What to do> The first line of the entries through the line bearing "Un supporto grigio": copy these lines exactly and return nothing else.

Information given>
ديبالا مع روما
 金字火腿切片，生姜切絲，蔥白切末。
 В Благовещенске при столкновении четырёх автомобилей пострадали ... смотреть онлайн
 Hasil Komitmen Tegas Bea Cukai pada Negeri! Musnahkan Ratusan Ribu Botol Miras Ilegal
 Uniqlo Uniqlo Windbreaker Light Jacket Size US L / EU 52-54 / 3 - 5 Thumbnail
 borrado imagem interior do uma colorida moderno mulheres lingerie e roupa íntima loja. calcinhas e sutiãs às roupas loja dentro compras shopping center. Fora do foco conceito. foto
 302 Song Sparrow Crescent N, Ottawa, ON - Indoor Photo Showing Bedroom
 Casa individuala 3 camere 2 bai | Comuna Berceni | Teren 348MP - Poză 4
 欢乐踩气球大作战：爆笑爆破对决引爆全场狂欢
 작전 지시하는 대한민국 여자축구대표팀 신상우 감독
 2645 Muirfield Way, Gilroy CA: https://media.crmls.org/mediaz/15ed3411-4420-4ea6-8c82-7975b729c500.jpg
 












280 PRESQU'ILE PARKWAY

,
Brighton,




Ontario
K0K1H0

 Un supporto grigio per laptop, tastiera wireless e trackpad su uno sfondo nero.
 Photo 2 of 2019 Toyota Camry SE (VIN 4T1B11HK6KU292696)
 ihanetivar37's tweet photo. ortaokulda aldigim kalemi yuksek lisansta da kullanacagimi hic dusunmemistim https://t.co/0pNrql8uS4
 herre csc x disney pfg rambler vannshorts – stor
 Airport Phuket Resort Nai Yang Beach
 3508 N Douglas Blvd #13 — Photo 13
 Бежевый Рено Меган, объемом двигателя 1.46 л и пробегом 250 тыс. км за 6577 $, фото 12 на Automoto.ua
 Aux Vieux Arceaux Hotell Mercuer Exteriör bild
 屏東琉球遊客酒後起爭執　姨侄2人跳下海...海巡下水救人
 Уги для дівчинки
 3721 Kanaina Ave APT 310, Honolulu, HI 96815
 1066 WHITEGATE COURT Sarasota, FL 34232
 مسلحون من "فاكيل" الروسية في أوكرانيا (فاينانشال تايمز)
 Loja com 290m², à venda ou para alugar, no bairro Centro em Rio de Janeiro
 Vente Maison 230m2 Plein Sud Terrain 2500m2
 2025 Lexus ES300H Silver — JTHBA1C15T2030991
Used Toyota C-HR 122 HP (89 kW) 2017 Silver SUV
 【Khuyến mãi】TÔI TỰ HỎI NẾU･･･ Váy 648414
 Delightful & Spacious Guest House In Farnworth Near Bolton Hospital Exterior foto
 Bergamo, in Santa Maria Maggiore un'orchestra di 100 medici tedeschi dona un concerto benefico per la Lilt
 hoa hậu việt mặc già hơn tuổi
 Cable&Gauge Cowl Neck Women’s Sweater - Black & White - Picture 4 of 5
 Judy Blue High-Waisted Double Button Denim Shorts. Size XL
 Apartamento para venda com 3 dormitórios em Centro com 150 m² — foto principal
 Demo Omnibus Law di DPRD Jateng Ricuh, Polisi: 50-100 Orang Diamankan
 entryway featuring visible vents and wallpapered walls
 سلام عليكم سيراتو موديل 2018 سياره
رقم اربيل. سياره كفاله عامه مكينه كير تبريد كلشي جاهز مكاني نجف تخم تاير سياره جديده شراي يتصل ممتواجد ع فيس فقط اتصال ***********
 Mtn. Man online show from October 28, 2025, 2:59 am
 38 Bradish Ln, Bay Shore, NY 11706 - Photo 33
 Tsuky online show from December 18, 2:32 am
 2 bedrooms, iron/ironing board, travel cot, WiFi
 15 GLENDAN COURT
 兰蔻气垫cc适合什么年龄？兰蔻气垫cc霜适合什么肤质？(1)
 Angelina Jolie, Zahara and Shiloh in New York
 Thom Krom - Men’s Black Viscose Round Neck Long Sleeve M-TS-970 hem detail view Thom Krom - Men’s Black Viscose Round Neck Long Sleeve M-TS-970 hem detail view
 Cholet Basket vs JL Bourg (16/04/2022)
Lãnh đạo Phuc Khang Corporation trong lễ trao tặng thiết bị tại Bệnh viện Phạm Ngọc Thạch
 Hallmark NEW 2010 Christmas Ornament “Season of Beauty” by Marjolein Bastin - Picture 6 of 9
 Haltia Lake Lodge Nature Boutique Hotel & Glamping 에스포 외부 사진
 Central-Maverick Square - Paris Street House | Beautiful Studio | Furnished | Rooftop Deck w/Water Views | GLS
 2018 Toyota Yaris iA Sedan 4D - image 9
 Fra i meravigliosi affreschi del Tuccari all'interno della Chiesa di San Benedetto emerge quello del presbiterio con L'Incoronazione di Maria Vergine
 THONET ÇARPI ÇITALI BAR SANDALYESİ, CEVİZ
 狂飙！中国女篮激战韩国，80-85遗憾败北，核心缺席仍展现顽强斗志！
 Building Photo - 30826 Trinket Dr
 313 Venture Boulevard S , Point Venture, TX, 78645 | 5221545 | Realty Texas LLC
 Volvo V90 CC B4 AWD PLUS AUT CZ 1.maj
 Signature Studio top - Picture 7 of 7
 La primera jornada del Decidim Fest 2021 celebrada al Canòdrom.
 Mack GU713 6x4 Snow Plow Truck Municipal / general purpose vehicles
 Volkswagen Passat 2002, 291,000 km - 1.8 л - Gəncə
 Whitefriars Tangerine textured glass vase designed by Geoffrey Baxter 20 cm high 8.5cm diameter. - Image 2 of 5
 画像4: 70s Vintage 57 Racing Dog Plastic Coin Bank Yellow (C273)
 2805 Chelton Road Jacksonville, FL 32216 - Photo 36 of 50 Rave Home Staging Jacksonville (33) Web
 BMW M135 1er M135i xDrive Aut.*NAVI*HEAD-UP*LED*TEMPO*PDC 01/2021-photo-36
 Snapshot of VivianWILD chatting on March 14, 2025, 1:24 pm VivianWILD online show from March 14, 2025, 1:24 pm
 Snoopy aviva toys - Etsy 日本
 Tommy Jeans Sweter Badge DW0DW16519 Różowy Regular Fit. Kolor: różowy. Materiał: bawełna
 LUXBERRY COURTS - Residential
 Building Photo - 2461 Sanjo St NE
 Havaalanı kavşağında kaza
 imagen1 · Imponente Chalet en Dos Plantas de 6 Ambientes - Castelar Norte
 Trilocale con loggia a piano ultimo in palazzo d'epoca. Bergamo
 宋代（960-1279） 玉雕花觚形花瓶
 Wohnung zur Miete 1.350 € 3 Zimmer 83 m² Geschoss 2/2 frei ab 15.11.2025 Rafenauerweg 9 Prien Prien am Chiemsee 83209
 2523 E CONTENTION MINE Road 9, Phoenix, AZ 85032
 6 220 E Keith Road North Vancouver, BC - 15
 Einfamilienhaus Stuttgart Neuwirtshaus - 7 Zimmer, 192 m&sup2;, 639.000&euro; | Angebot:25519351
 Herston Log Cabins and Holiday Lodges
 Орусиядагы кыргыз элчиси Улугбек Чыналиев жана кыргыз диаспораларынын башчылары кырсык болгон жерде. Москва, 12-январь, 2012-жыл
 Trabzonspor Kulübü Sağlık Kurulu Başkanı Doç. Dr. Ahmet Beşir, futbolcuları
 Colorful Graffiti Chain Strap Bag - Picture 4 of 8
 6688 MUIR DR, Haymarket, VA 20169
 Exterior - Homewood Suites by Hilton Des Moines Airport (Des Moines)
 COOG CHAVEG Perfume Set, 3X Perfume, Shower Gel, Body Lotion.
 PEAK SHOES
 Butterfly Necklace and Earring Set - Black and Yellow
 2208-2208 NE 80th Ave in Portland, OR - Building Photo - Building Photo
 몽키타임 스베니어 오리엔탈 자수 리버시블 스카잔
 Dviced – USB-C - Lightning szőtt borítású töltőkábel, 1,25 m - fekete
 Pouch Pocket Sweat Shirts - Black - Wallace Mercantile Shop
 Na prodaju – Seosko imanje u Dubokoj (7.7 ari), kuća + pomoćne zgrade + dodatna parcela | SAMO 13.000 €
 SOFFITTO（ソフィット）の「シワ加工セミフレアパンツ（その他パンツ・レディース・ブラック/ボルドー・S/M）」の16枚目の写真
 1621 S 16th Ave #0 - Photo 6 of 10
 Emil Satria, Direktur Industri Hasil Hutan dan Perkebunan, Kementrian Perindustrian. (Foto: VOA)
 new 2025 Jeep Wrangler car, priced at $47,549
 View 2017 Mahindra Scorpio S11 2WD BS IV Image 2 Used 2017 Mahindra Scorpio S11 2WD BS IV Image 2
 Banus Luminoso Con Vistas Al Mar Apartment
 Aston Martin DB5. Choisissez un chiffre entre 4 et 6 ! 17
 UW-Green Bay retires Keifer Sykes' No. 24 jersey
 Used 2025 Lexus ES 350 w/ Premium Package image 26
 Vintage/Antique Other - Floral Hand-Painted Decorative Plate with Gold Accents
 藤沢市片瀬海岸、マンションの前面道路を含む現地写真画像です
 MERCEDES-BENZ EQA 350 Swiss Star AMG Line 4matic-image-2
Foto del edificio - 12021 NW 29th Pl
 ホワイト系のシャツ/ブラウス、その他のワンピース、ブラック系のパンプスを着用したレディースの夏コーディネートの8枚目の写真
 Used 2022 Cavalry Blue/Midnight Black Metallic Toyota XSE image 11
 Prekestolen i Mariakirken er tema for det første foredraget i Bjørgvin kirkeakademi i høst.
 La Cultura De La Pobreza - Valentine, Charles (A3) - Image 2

Answer to this exercise>
ديبالا مع روما
 金字火腿切片，生姜切絲，蔥白切末。
 В Благовещенске при столкновении четырёх автомобилей пострадали ... смотреть онлайн
 Hasil Komitmen Tegas Bea Cukai pada Negeri! Musnahkan Ratusan Ribu Botol Miras Ilegal
 Uniqlo Uniqlo Windbreaker Light Jacket Size US L / EU 52-54 / 3 - 5 Thumbnail
 borrado imagem interior do uma colorida moderno mulheres lingerie e roupa íntima loja. calcinhas e sutiãs às roupas loja dentro compras shopping center. Fora do foco conceito. foto
 302 Song Sparrow Crescent N, Ottawa, ON - Indoor Photo Showing Bedroom
 Casa individuala 3 camere 2 bai | Comuna Berceni | Teren 348MP - Poză 4
 欢乐踩气球大作战：爆笑爆破对决引爆全场狂欢
 작전 지시하는 대한민국 여자축구대표팀 신상우 감독
 2645 Muirfield Way, Gilroy CA: https://media.crmls.org/mediaz/15ed3411-4420-4ea6-8c82-7975b729c500.jpg
 












280 PRESQU'ILE PARKWAY

,
Brighton,




Ontario
K0K1H0

 Un supporto grigio per laptop, tastiera wireless e trackpad su uno sfondo nero.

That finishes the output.